N’ayons pas peur de notre ombre.

Osons affronter demain, sans prétention, mais avec détermination, conscients des atouts qui sont les nôtres.

Regardons avec confiance tout ce qui se fait chez nous, ce qui s’y crée et s’y développe. Ils sont nombreux nos nouveaux Rennequin Sualem, Zénobe Gramme, John Cockerill, Edgard Frankignoul. Je pourrais, pareillement, citer Henri Vieuxtemps, Georges Simenon, Henri Pousseur ou Georges Collignon.

Je le répète, la renaissance de la Wallonie se fera ouverte sur le monde. Elle devra aussi coaliser nos énergies et nos envies. Et ce qui est vrai pour la Wallonie l’est plus encore pour Liège et sa région.

Nous disposons d’atouts extraordinaires: une situation exceptionnelle, un réseau de communications hors normes, une université complète, des hautes écoles de qualité, une main-d’œuvre au savoir-faire reconnu de par le monde, une culture du dialogue social.

Nous avons aussi, ici, une tradition d’initiative industrielle publique, ce n’est pas Isabelle, la présidente de Resa, qui me contredira. Mais il ne faudrait pas que les errements inadmissibles, pour le dire gentiment, de certains offrent à d’autres la possibilité de tout jeter et de transférer, hors du giron public et hors de Liège, les décisions qui nous incombent et nous reviennent.

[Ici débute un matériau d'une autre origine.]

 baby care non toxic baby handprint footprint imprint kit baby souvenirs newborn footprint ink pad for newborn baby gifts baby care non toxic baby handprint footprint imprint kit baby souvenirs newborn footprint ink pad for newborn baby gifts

Noshaq, dans la droite lignée de Meusinvest et aussi de Neos, est un outil extraordinaire au service du redéploiement liégeois.

En nouant des partenariats entre public et privés dans les secteurs d’avenir, comme les biotechnologies ou le numérique de pointe, Noshaq se pose comme un moteur d’avenir que n’aurait certainement pas renié André Cools.

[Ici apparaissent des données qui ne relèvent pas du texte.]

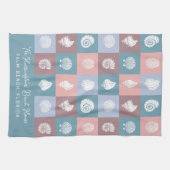 名前をカスタムするとロケーションの船首模様 キッチンタオル (横)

Lui qui doit sans doute y aller d’une de ses mémorables saillies en se remémorant les défaitistes et autres oiseaux de mauvais augure qui dénonçaient la folie de faire de Bierset un des pôles majeurs du développement du bassin liégeois.

Mais il était plus simple, déjà, de critiquer que d’agir.

Cela n’a pas forcément changé mais l’exemple que nous a laissé André doit nous convaincre et nous contraindre à mettre nos pas dans les siens.

A avancer contre vents et marées.

Et à privilégier, toujours, l’intérêt collectif aux intérêts particuliers.

 

« L’espérance n’est rien sans la volonté humaine qu’il faut transformer en volonté politique », a dit François Mitterrand à ses ministres lors du dernier conseil des ministres du gouvernement de gauche.

André Cools, j’en suis sûr, aurait pu faire siennes les paroles de Mitterrand.